A la question de savoir pourquoi avaient-ils choisi l'union libre, avec les
conséquences qui peuvent en découler ? Il a répondu
que ces unions (mariages) que vous vantez parfois ne sont même pas plus
stable que nos unions (unions libres) nous n'avons rien à envier sur
ces gens là. Une dernière question lui a été
posée, celle de savoir s'il était d'accord que le
législateur congolais prenne une loi spéciale qui organiserait et
protégerait l'union libre ? Il a répondu que ce serait un
salut pour eux, un moyen très efficace pour lutter contre les
inconvénients surtout patrimoniaux liés à la rupture de
l'union libre.
§ Monsieur Lufundusu Bamba Patou nous a tenu les propos
ci-après : nous sommes encore des jeunes et vous le savez
très bien que la jeunesse est sacrifiée dans notre pays, nous
n'avons pas d'emploi fiable, nous vivons dans l'informel c'est-à-dire
dans la débrouillardise. Comment pourrons- nous réunir les moyens
possibles pour faire face à ces dépenses du mariage ? C'est
ainsi que nous vivons jusqu'aujourd'hui en concubinage ; nous ne l'avons
pas voulu mais c'est la grossesse qui a fait que nous soyons ensemble et comme
on s'aime tous les deux on n'a plus envie de se séparer. Si on pouvait
trouver les moyens nécessaires pour se marier on le fera. Nous lui avons
demandé cette somme d'argent s'élève a combien et quelles
sont ces dépenses précisément ? Il a répondu
que c'est d'abord la facture qui englobe les biens que les parents de la fille
demandent qui s'évalue à 1500 $ ainsi que d'autres
préparatifs du mariage qui lui semblent vraiment un casse tête.

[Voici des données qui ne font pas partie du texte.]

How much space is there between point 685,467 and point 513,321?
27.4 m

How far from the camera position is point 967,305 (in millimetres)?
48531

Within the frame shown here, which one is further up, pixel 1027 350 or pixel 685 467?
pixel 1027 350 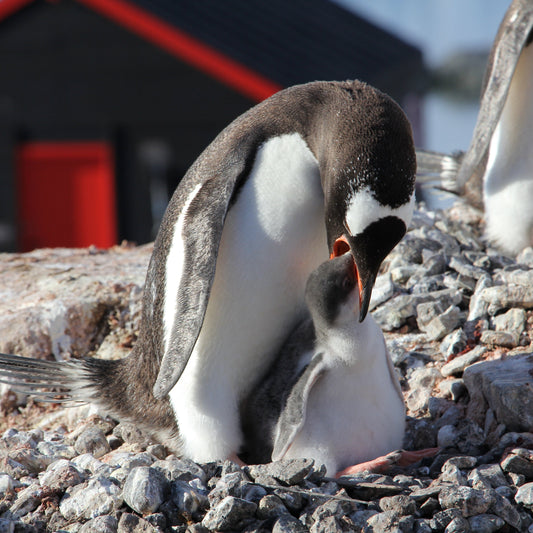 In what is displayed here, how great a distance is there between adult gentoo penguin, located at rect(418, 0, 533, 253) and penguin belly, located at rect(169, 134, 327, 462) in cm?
153

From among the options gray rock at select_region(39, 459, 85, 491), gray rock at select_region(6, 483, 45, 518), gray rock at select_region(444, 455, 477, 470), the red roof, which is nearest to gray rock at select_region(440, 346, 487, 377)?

Une dernière question lui a été posée pour boucler
notre conversation, celle de savoir s'il était d'accord que le
législateur congolais prenne une loi spéciale organisant et
protégeant l'union libre. Sa réponse était « oui
nous sommes d'accord que l'Etat congolais puisse examiner notre situation en
adoptant une loi spéciale sur l'union libre, vu la
précarité de la situation des jeunes congolais qui sont
sacrifiés, qui n'ont même pas les moyens pour honorer leurs
partenaires... ».
§ Monsieur Mangietimona Patrick quant à lui,
nous a tenu les propos suivants : moi je n'avais pas voulu cette
situation, ce sont les parents de ma concubine qui n'avaient pas voulu recevoir
ma dot du fait que moi je suis Muyombe et eux sont des gens de Bandundu. Le
père de la fille voulait que sa fille se marie nécessairement
avec quelqu'un de Bandundu. Il menaçait même de maudire sa fille
si celle-ci se mariait avec moi, nous étions obligé de vivre en
cachette parce que l'on s'aimait beaucoup et en cohabitant en cachette la
grossesse s'en est ensuivie. Finalement le père ne pouvant plus garder
sa fille avec ma grossesse était tenu de venir la déposer chez
moi ne voulant pas toujours recevoir ma dot. Par respect pour mon
beau-père je ne pouvais pas forcer sa main par la justice c'est comme
ça que jusqu'à présent nous sommes encore en union libre.
Nous lui avons demandé s'il était d'accord que le
législateur congolais adopte une loi spéciale qui organiserait et
protégerait les rapports patrimoniaux des partenaires lors de la
rupture. Il nous a répondu que cette loi sera la bienvenue pour nous.